[Input records]:
****
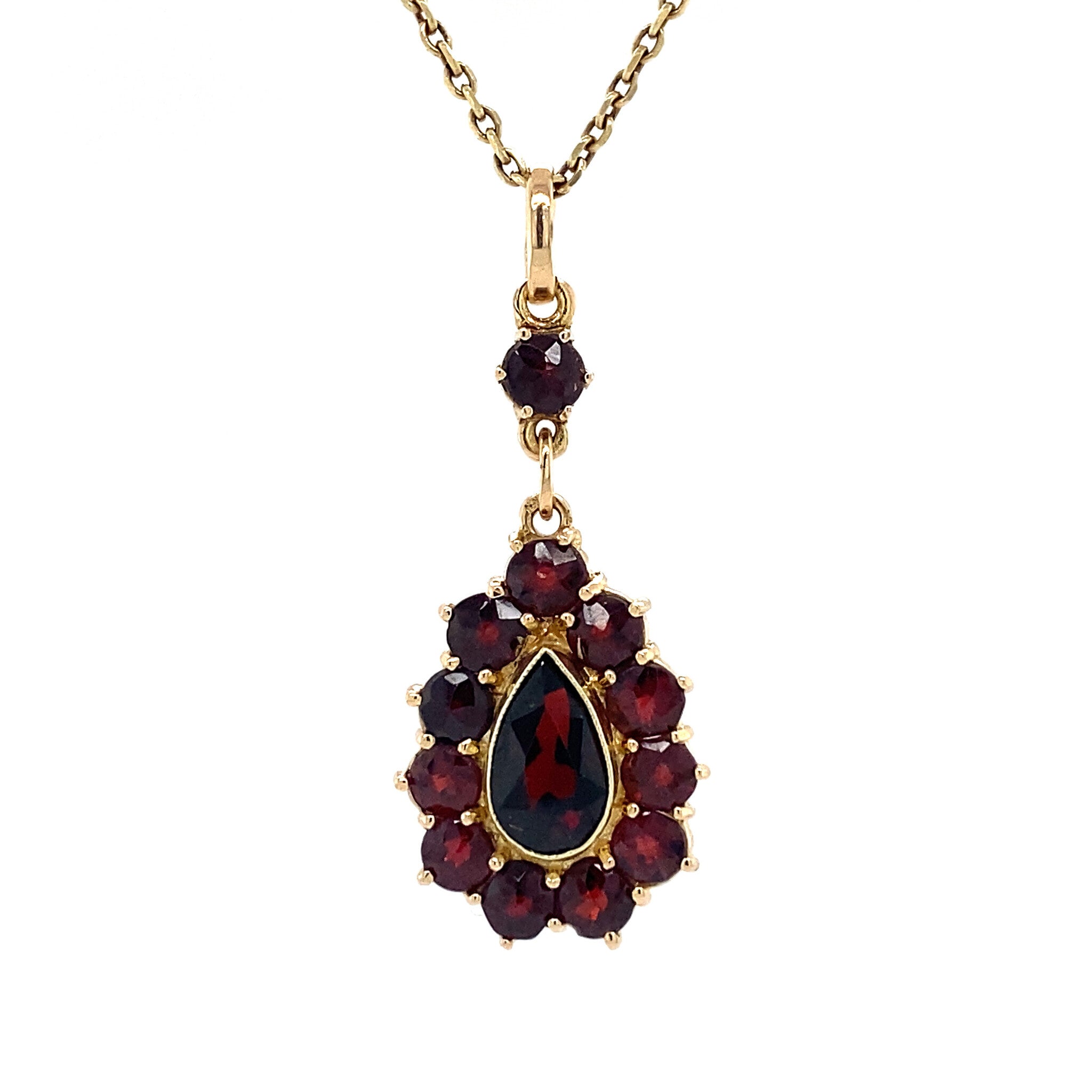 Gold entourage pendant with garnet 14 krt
****
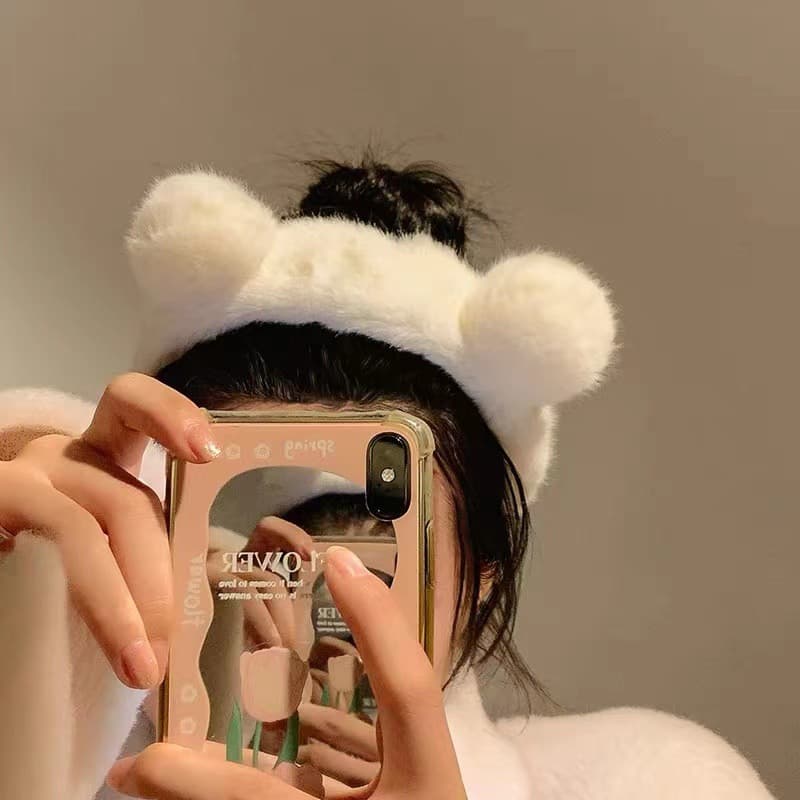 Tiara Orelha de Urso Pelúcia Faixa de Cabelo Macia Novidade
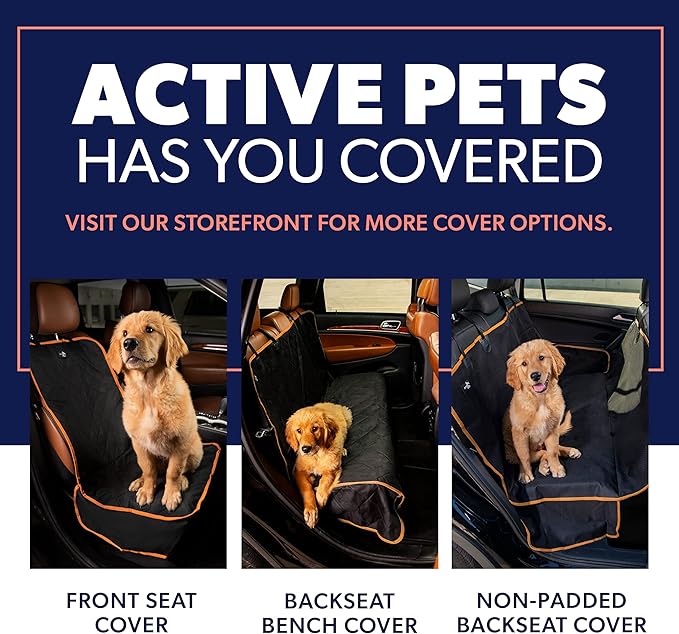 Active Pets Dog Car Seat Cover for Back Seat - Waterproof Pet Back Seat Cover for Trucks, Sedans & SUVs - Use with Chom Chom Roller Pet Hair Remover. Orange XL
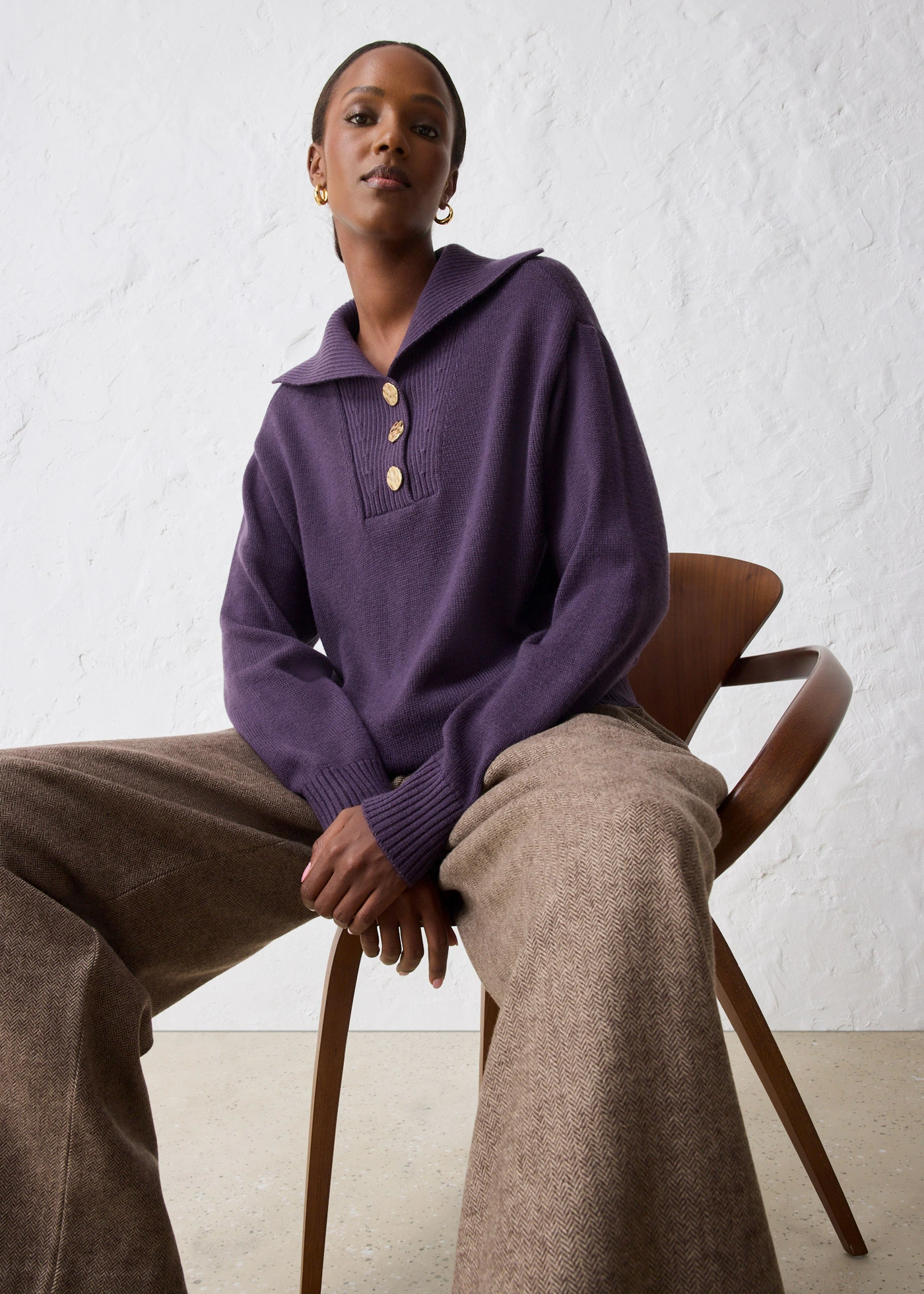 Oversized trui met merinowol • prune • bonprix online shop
****
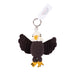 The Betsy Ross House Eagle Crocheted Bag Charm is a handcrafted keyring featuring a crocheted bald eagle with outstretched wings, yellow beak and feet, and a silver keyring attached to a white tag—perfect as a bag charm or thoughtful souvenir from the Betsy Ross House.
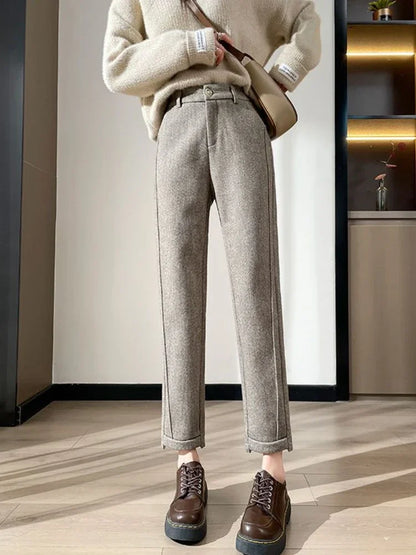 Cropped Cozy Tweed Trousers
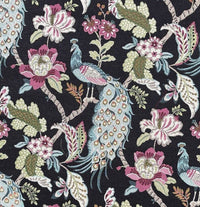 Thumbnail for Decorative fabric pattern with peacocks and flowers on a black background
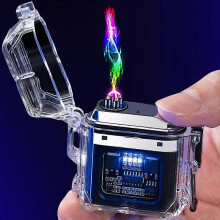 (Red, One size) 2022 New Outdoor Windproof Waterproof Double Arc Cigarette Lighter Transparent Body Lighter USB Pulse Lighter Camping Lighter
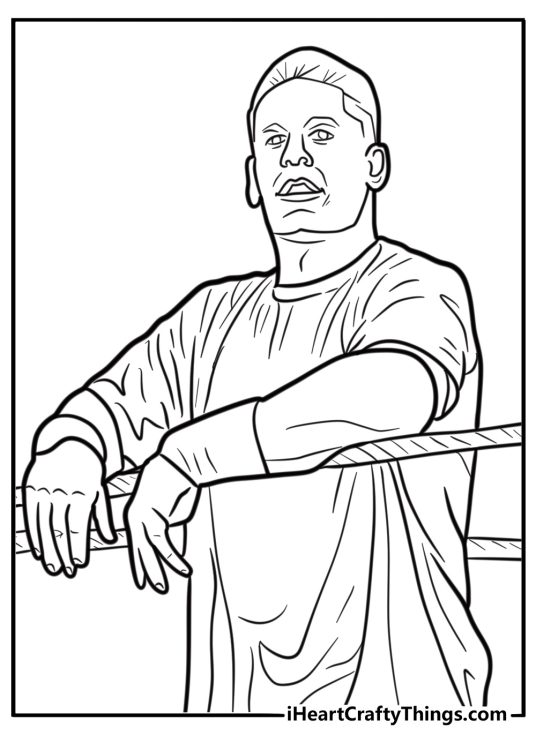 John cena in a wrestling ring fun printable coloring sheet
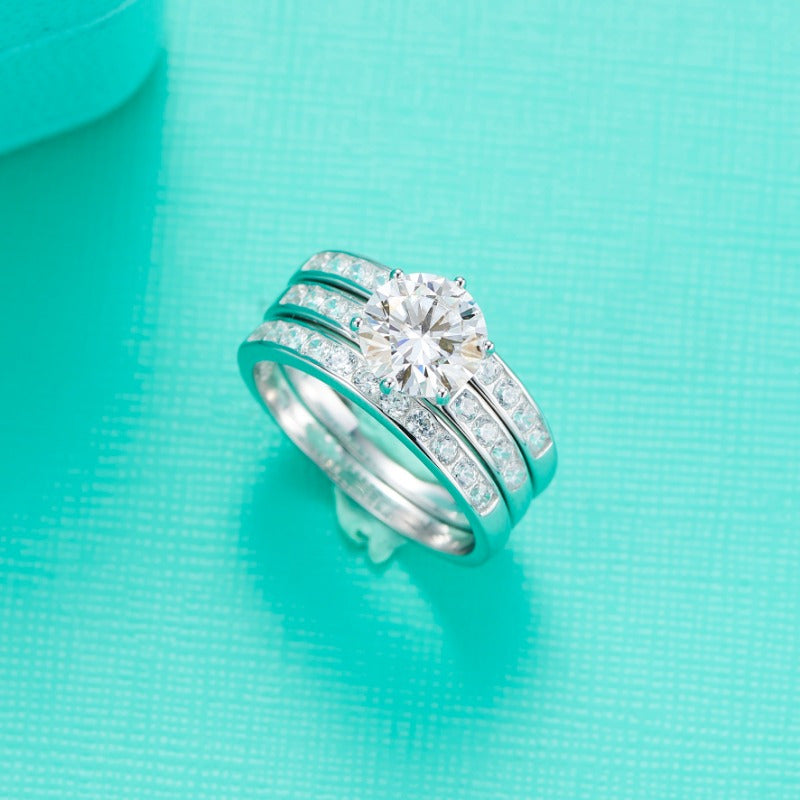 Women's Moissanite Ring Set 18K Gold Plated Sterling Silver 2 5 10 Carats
****
Above are records; repeat only the lines from the line with "(Red, One size)" through the line with "Women's Moissanite Ring", and leave pictures out.

 (Red, One size) 2022 New Outdoor Windproof Waterproof Double Arc Cigarette Lighter Transparent Body Lighter USB Pulse Lighter Camping Lighter
 John cena in a wrestling ring fun printable coloring sheet
 Women's Moissanite Ring Set 18K Gold Plated Sterling Silver 2 5 10 Carats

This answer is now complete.